After-Tea Lecture: Bohemians Then and Progs Now

(As delivered in a tone of weary affection and polished exasperation.)

My Dearest Council and those who still bother to read beyond a headline,

Once upon a café table, bohemians were serious about frivolity. They possessed that divine sense of measure in excess—a cigarette held like an epigram, a scandal uttered with syntax. Their rebellion was choreographed; even their poverty wore pearls. They mocked convention precisely because they understood it, and they could afford to laugh at themselves.

Their supposed heirs, however—the ones who style themselves progressive—have turned the word into both a credential and a curse. I have decided, for convenience and accuracy, to call them Progs. It is, after all, their own beloved term abbreviated to its essence—yet it sounds—does it not—like a comic-book creature or a damp sound effect? One hears “Prog” and imagines a gelatinous life-form oozing toward a microphone to demand inclusion in the pantheon of the perpetually aggrieved. I will, of course, clarify the meaning for the uninitiated when charity requires it.

The Progs are humorless descendants of the laughing class. They parade through public squares in inflatable animal costumes, honking moral superiority through vinyl snouts. They mistake absurdity for wit, volume for irony, and outrage for originality. They have inherited the gestures of the old bohemians but not their grace—their performance art without their paradox, their protest without their prose.

True bohemianism was rebellion with manners, intoxication with intellect, style as substance. The old anarchist could quote Baudelaire while pouring wine; the modern Prog can only quote policy while spilling it.

Orwell’s Other Revolution:
The only socialist in the march arguing that Britain’s Home Guard should keep its rifles—trusting the people, not the Party, to guard against tyranny.
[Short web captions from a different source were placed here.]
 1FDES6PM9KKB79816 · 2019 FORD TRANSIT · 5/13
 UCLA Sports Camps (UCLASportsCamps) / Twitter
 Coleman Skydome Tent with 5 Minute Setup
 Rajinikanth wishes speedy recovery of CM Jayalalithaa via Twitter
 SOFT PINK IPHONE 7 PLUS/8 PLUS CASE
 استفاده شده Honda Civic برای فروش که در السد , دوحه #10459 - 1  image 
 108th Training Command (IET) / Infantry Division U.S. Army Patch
Meanwhile, the new cranks—the traditionalists, the national romantics, the tweeded reactionaries, the populist protesters for the reclamation of their homeland—have quietly reclaimed both irony and elegance. Witness the use of the St. George flag in England by protesters against the importation of foreigners. The government has declared its own national symbol to be an illegal provocation. Is that not ironic?

The new cranks laugh and smirk again, not because they have surrendered, but because they have remembered that laughter is civilizational. They attend liturgy in addition to rallies, they build libraries instead of spaces, and their humor carries that faint aroma of adulthood long absent from the public square.
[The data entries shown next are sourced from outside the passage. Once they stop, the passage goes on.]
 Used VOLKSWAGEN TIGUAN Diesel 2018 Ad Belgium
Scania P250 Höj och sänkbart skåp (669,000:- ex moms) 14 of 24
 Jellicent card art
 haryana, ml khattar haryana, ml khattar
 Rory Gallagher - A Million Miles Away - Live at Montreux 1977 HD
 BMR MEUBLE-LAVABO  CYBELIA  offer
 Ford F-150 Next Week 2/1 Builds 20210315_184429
I find them restorative. They are bent, yes—but bent toward beauty. If civilization must be cranked back into motion, I prefer it done by a man in flannel and faith rather than by a Prog in polyester.

So yes, I embrace them. At least they dress the part of adults, and some even write complete sentences. If civilization is to be cranked back to life, I would rather it be by a man in tweed than by a Prog in vinyl.

Addendum

— by Ray Pierre-Dewitt, C-of-C-C, Chaos Coordinator

Mrs. Begonia, Fellow Cranks, and Other Unlicensed Mechanics of the Human Condition,

As the Council’s self-appointed Coordinator of Chaos, it falls to me to applaud what still turns—especially when it shouldn’t. Permit me, as a colonial sympathizer of Madame Begonia’s cultural crusade, to add that the old bohemians—those whiskered mystics in garrets and gin—were not wrong about everything.
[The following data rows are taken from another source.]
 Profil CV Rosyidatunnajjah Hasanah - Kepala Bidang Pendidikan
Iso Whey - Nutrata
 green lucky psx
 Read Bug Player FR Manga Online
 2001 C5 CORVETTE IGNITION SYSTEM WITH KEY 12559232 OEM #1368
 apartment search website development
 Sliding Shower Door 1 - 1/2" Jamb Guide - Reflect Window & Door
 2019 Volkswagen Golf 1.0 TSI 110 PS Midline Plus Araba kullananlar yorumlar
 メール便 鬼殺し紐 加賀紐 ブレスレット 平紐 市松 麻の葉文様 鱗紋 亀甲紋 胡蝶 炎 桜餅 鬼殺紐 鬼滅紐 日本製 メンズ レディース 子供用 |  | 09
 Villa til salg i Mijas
Their cafés were laboratories of meaning: a place where poetry sparred with theology and everyone smelled faintly of turpentine and idealism. Even in their decadence there was direction. They were looking for an alternative to materialism, not a costume for it.

That’s what makes the modern Prog so tragicomic to me. The old leftists at least knew what they were losing. They mourned God, beauty, and hierarchy even as they defied them. Today’s protestors inflate plastic animals to mock the empire without realizing they’re performing its supply chain. They have kept the slogans and lost the soul.

So yes—Mrs. Begonia is right. The “right-wing cranks” she praises may be the only living heirs to bohemian honesty. They, too, reject the machine—not the useful and partnered technology—yet they do it in tweed, with melody, with reverence for what was once holy. That, my friends, is the real avant-garde now.